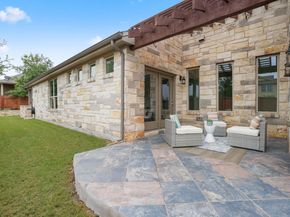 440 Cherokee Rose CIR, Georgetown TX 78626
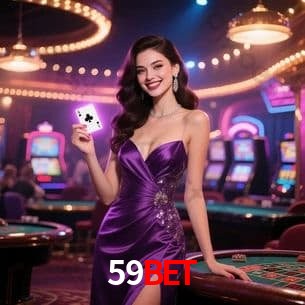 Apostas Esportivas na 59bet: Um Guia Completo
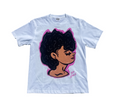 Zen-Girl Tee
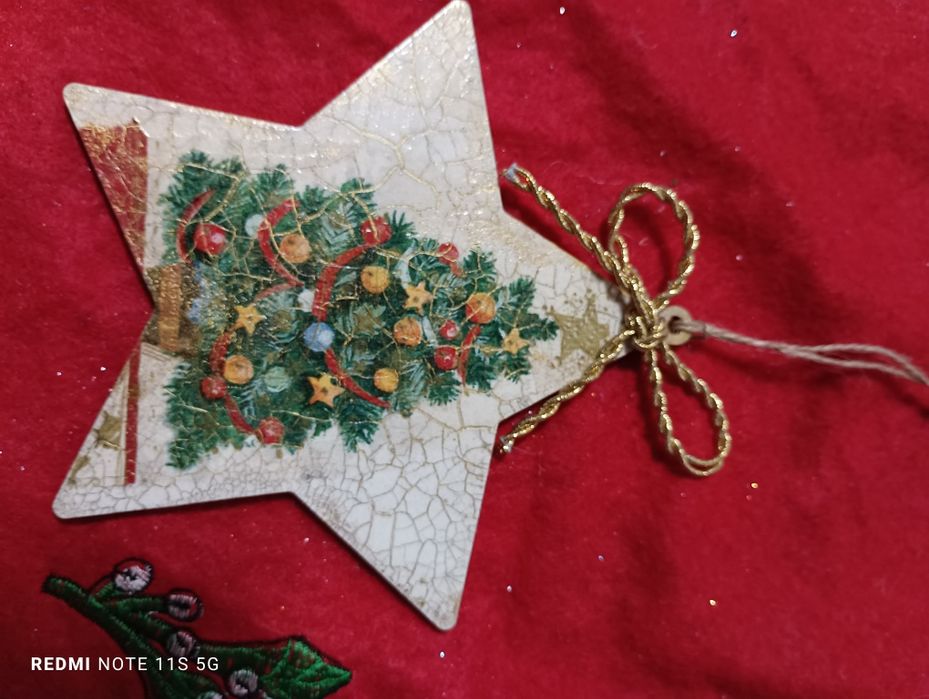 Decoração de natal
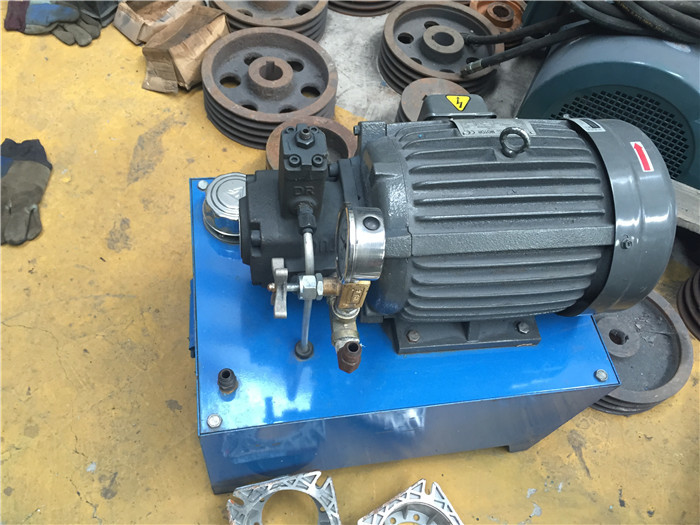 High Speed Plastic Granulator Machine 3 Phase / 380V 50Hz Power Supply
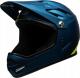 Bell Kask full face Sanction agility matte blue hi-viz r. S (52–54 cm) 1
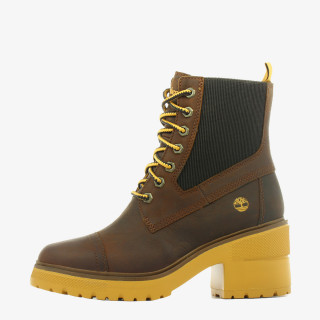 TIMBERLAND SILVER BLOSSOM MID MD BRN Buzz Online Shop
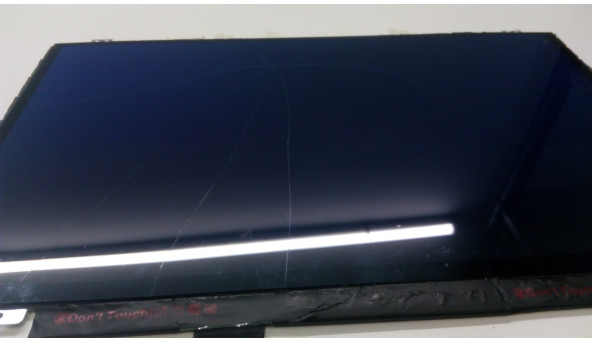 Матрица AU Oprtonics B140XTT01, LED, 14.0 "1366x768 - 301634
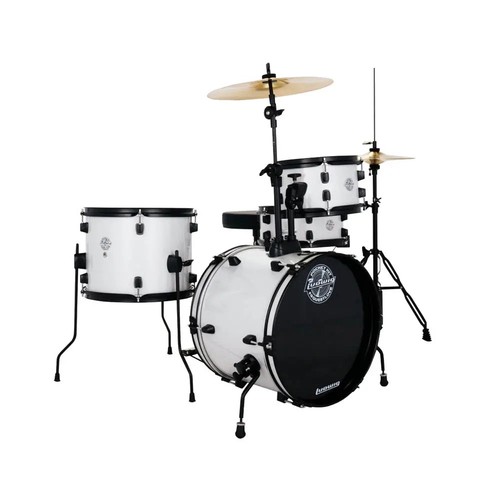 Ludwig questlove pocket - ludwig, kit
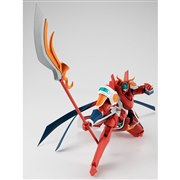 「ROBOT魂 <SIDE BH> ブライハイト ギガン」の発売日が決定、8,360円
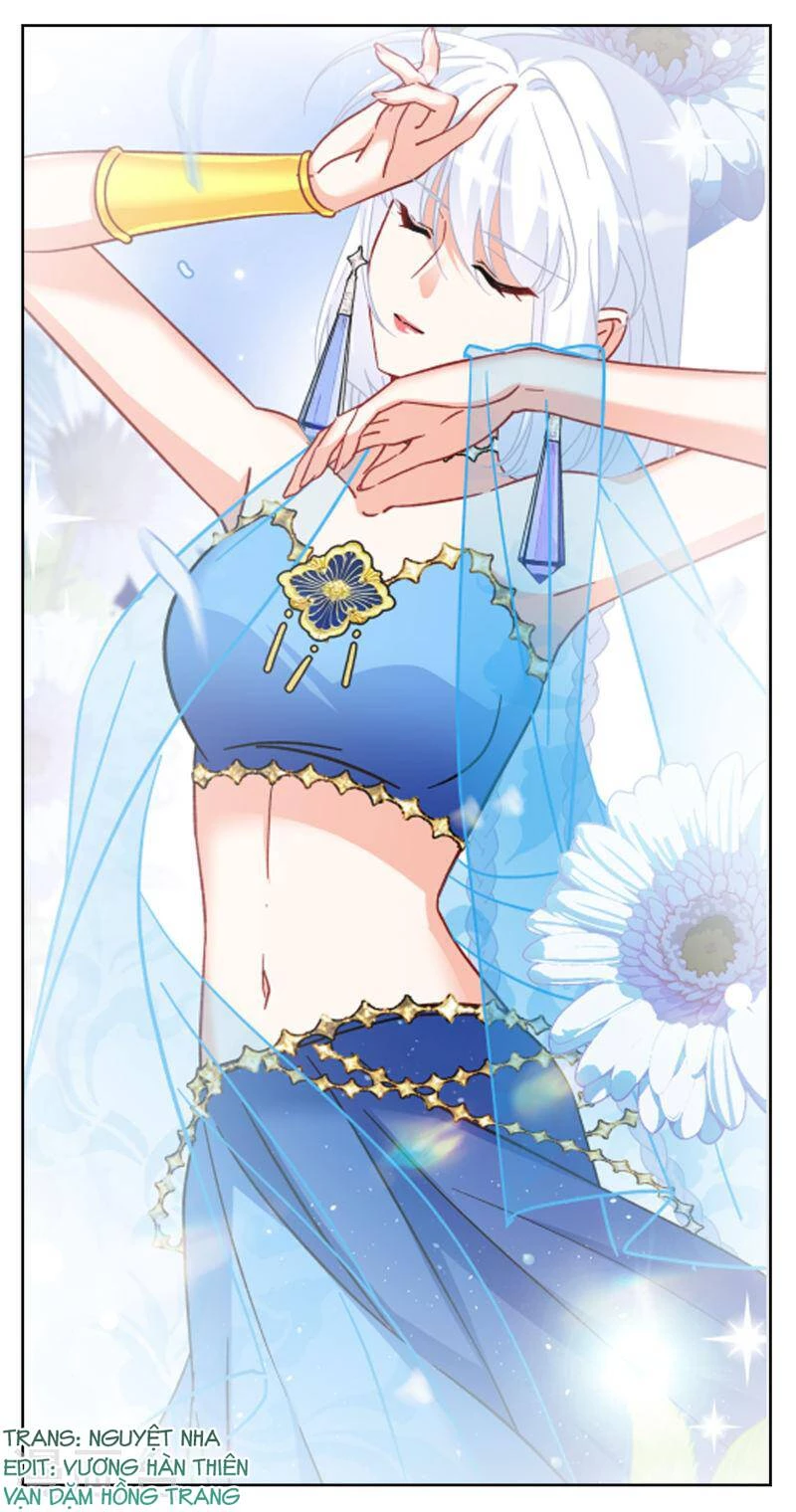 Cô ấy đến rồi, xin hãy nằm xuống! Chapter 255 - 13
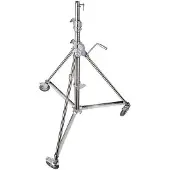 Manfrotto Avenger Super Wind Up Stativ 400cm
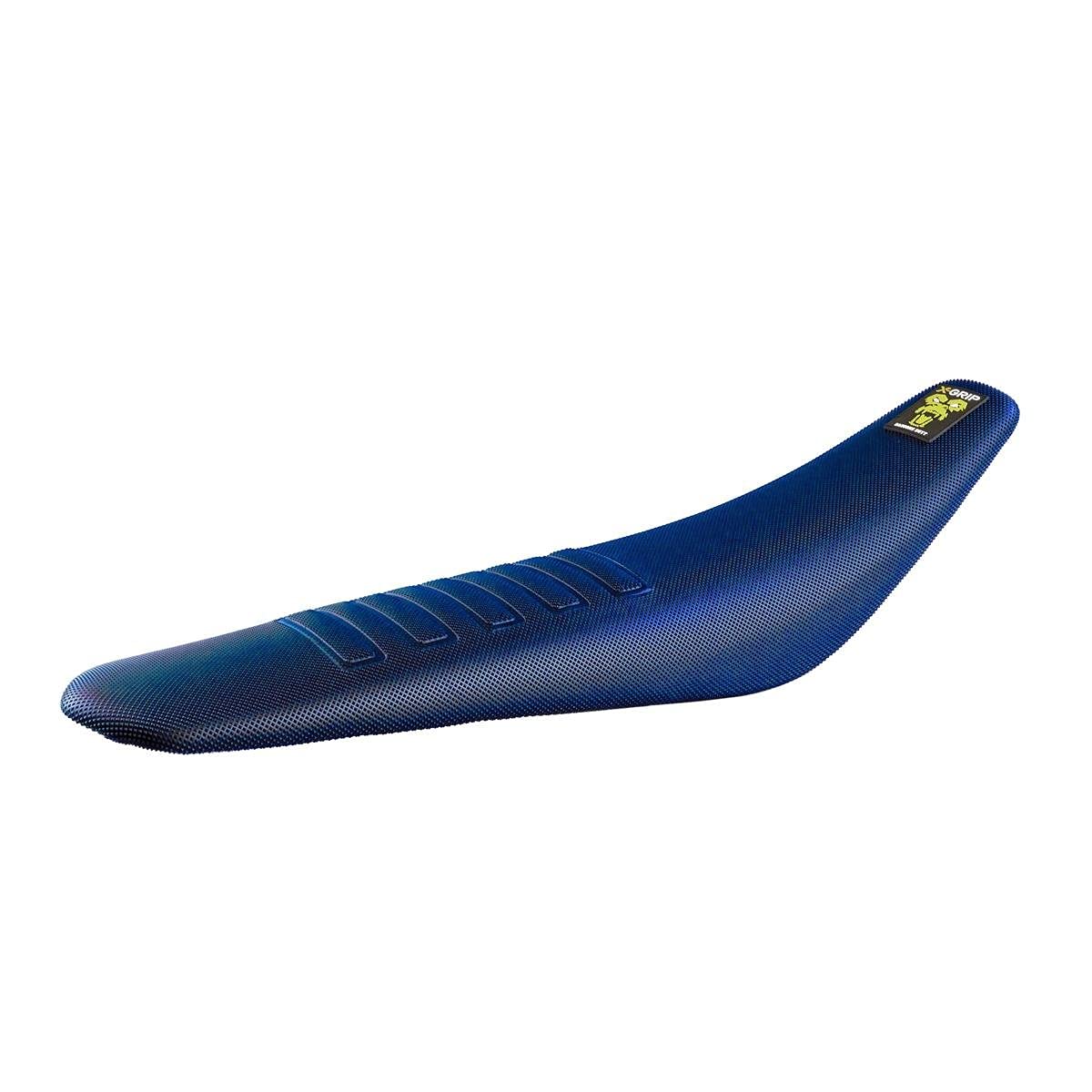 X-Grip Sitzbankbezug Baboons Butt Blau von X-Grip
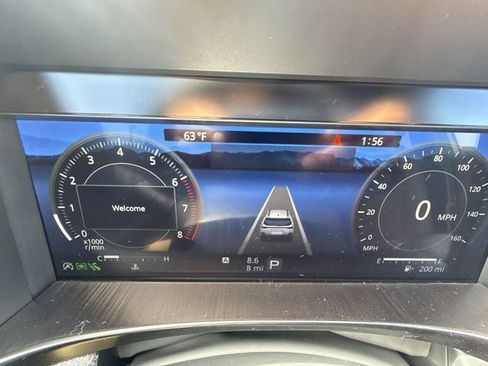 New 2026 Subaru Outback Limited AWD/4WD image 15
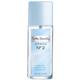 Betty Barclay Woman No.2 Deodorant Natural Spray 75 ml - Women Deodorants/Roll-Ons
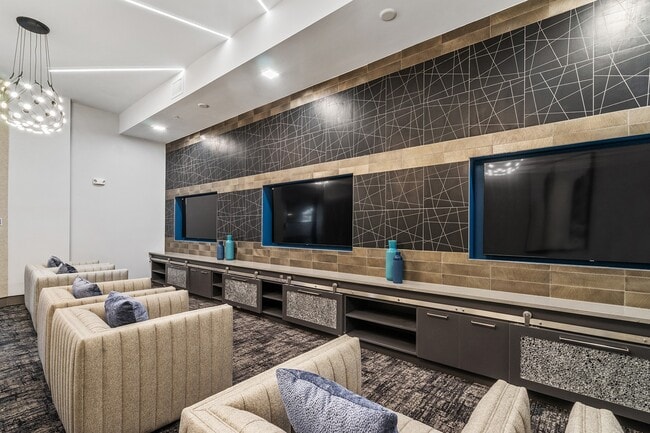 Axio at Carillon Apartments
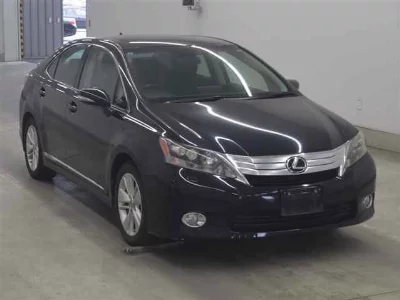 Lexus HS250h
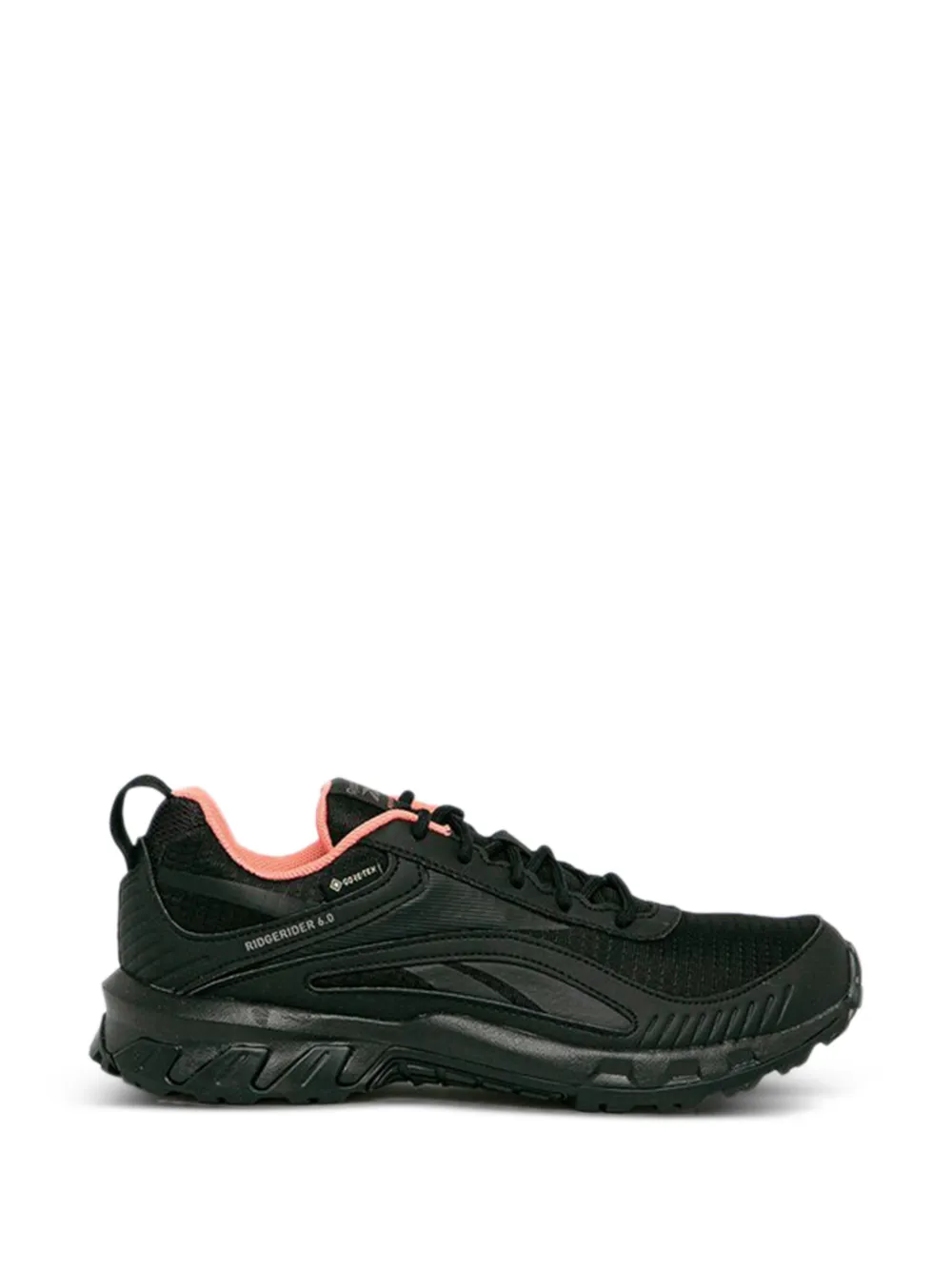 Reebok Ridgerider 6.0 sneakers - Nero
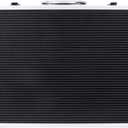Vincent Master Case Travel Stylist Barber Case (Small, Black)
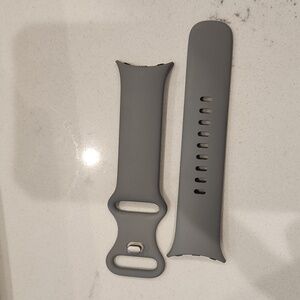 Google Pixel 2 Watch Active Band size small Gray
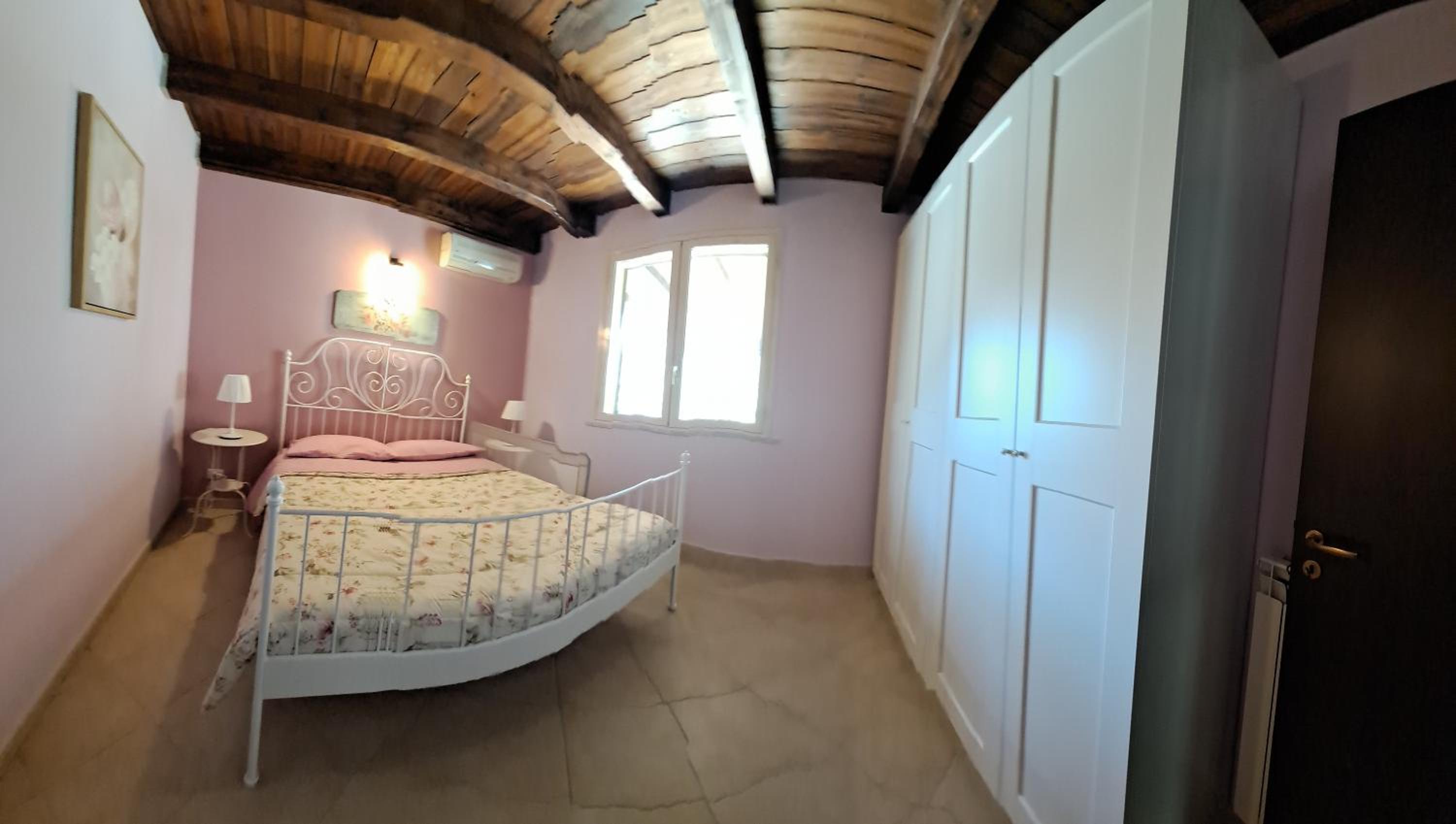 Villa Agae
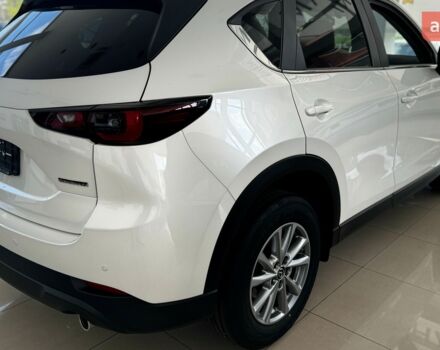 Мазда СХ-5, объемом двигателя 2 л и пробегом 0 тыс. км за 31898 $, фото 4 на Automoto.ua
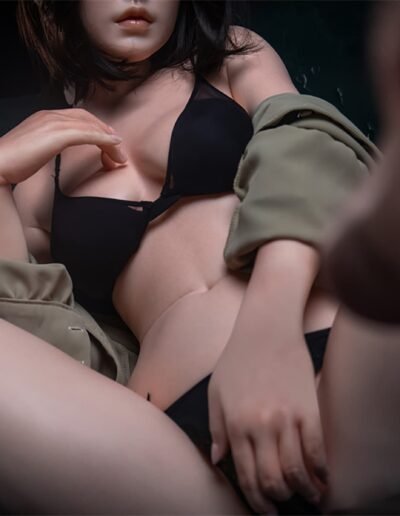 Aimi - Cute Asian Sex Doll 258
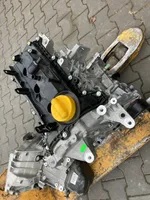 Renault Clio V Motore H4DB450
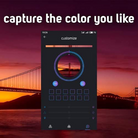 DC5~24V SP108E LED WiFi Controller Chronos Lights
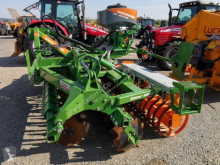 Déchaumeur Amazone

HOW TO COMPLETE THIS TASK: An exact copy is needed of the lines running from the one containing "Aimi - Cute Asian Sex Doll 258" through the last line of the material, and of no others; pictures stay out.

YOUR SOLUTION:
 Aimi - Cute Asian Sex Doll 258
 Renault Clio V Motore H4DB450
 DC5~24V SP108E LED WiFi Controller Chronos Lights
 Déchaumeur Amazone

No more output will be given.